Omit the pictures and return exactly the stretch of the material below from the line with "kitchen at Roosevelt Point Apartments" through the line with "Double Color Nylon".
::: Listed records
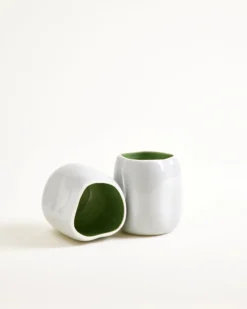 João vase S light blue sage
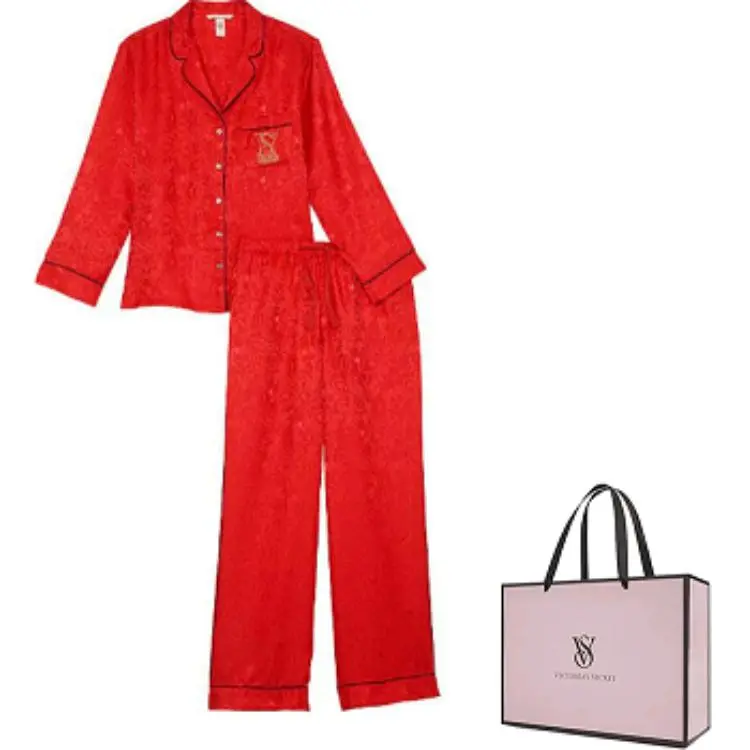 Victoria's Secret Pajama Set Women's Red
::::::
::: Listed records
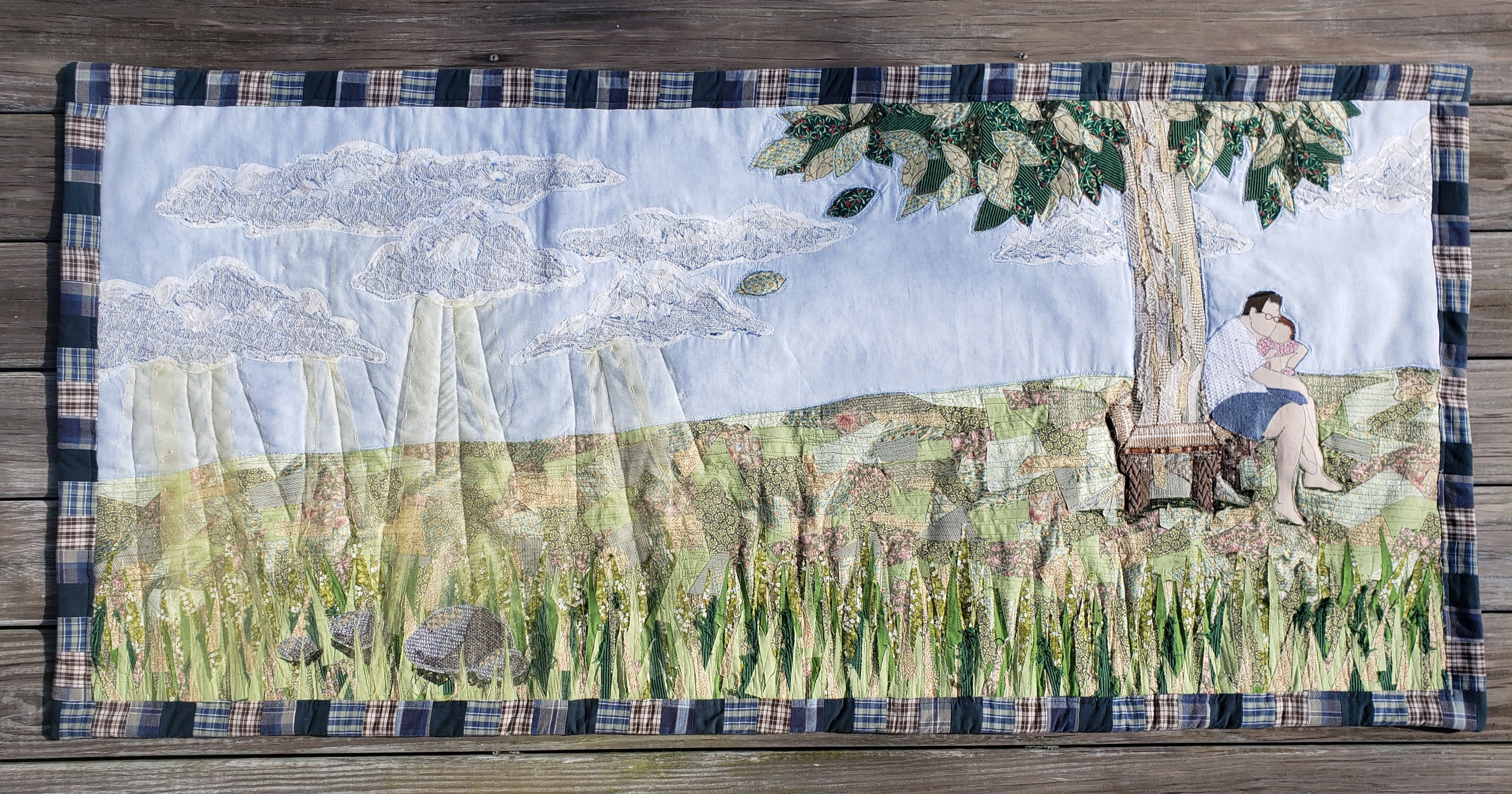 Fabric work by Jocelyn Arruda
::::::
::: Listed records
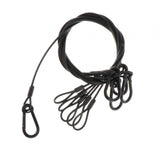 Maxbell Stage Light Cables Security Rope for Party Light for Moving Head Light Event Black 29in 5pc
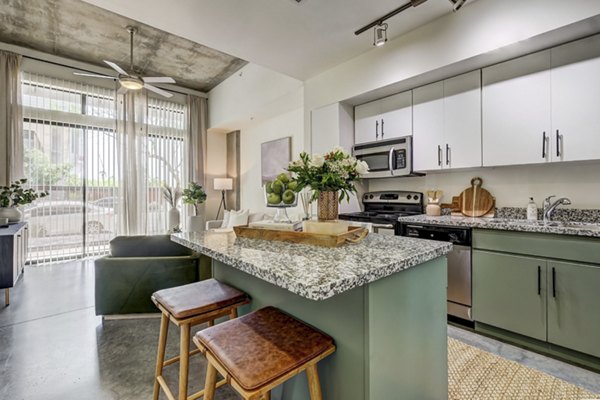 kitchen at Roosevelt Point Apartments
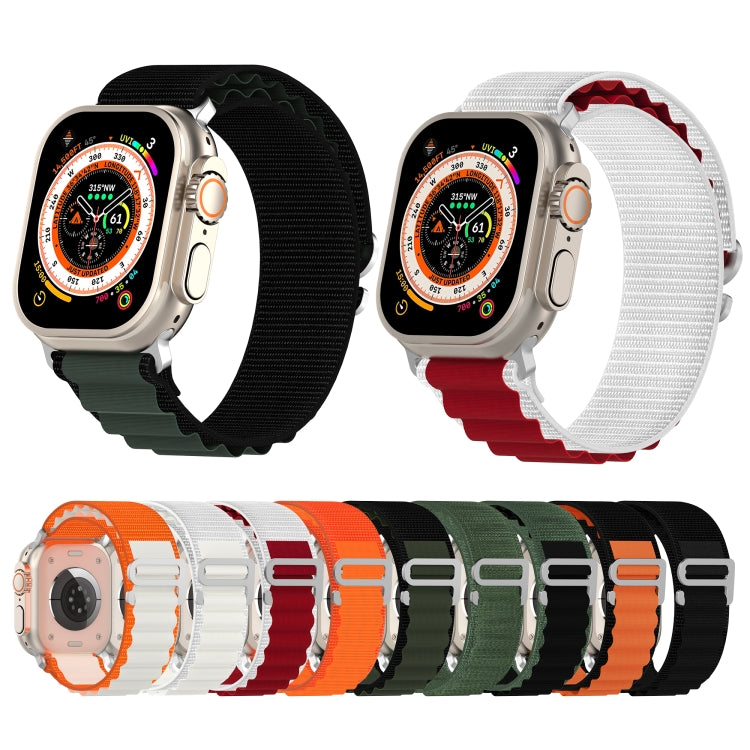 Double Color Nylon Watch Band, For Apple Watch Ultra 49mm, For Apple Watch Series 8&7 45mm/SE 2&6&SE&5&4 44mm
::::::
| Answer section |
 kitchen at Roosevelt Point Apartments
 Double Color Nylon Watch Band, For Apple Watch Ultra 49mm, For Apple Watch Series 8&7 45mm/SE 2&6&SE&5&4 44mm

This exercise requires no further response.